The theory of plate tectonics postulates that Earth's surface is covered by a mosaic of rigid, constantly shifting plates. Reconstructing the movement and position of these plates through time has been a goal of geologists ever since the plate tectonics revolution of the 1960s. Solving the plate-tectonics puzzle provides a needed context for nearly all fields of geology— from mineral exploration to paleoclimatology.
But plate reconstruction presents a puzzle of great complexity. Plates lie on a sphere, move relative to one another around independent poles of rotation, and change shape as continents rift apart, new ocean basins form, and old ocean crust subducts into deep-sea trenches.
The geologists aboard the Palmer, led by Dr. Steve Cande of the Scripps Institute of Oceanography, are working to resolve a long-standing enigma of plate reconstructions in the Southern Ocean— the gap that results when they try to fit the Pacific, Antarctic, and Australian plates together during the early Tertiary (~45-50 million years ago). This was a time of significant change in Southern Ocean tectonics. It coincides with the onset of uplift in the Transantarctic Mountains, deposition of thick layers of potentially oil-bearing sediments in the Ross Sea, the collision of India and Asia, and a shift in the movement of the Pacific Plate that may help explain the bend in the Hawaiian Island chain.
Dr. Cande's crew aboard the Palmer includes graduate students Katie Phillips of Scripps, Elisabeth Nadin and Carl Tape of Cal Tech (home of Dr. Cande's collaborator Dr. Joann Stock), and Stuart Schmitt of the University of Wisconsin. Their job while onboard is to analyze data from the ship's multibeam sonar and from a magnetometer that we're towing about 1,000 feet aft (to keep the ship's metallic bulk from interfering with the instrument's sensitive detectors).
The magnetometer measures the strength and direction of magnetic signals locked within the rocks of the seafloor. These basaltic rocks becomes magnetized during seafloor spreading, the process in which lavas erupt along a mid-ocean ridge, creating new seafloor as the plates on either side of the spreading center move apart. As these lavas cool and harden, their iron-bearing minerals align with Earth's magnetic field like tiny compasses.

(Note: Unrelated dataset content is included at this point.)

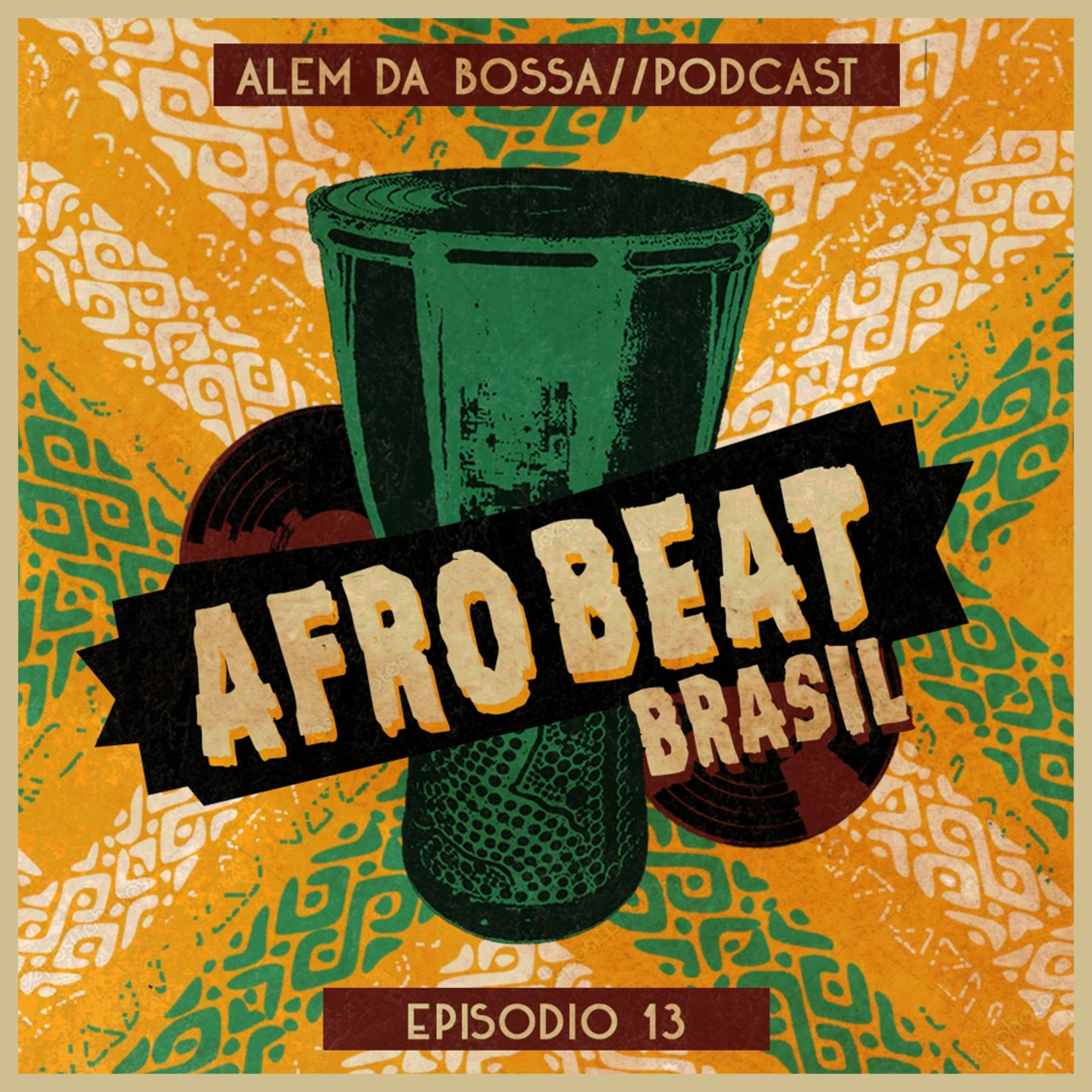 AFROBEAT episode artwork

Because the Earth's magnetic field periodically reverses and spreading rates vary, the end result of seafloor spreading is a characteristic pattern of magnetic stripes with alternating polarity and differing width, somewhat like a barcode. This barcode is mirrored on either side of each mid-ocean ridge, as spreading carries the newly created seafloor in opposite directions. Radiometric dating of seafloor rocks gives each barcode stripe an age.
By comparing their magnetic data to the existing seafloor barcode, the geologists aboard the Palmer can fix the newly mapped seafloor segments in space and time. Combining the magnetic data with the readings from the Palmer's multibeam sonar, which paints a detailed map of seafloor troughs, ridges, and fracture zones, provides a powerful tool for constraining the motion and position of plates in the Southern Ocean.
Data from earlier cruises by Dr. Cande and colleagues suggest that the apparent gap between the Australian and Pacific plates in the early Tertiary could be closed by rotation around a previously undetected and long-dead spreading center. That feature finds expression today in the Adare Trough, a linear depression in the seafloor just off Cape Adare at the northwestern corner of the Ross Sea.
Rifting along the Adare Trough during the early Tertiary helps explain other evidence for rotation between East and West Antarctica at the time, and implies the existence of a previously unrecognized three-way plate boundary separating the East Antarctic, West Antarctic, and Australian plates.
The rifting also helps resolve a debate concerning "hot spots," plumes of lava that rise from Earth's mantle to form island chains like Hawaii. The "stabilists" in this debate argue that hot spots remain stationary while a plate passes overhead. "Dynamicists" hold that hot spots can move. Data from the Adare Trough support the dynamicists' position. The data suggest that changes in the motion of the Pacific Plate cannot entirely account for the sharp bend in the Hawaiian chain, and therefore that the hot spot itself must be moving.
Dr. Cande's plan for our current cruise is to gather more detail on the geomagnetism and seafloor features of the Ross Sea and Southern Ocean, including another close look at the Adare Trough. These details will help to further constrain plate motion in the region.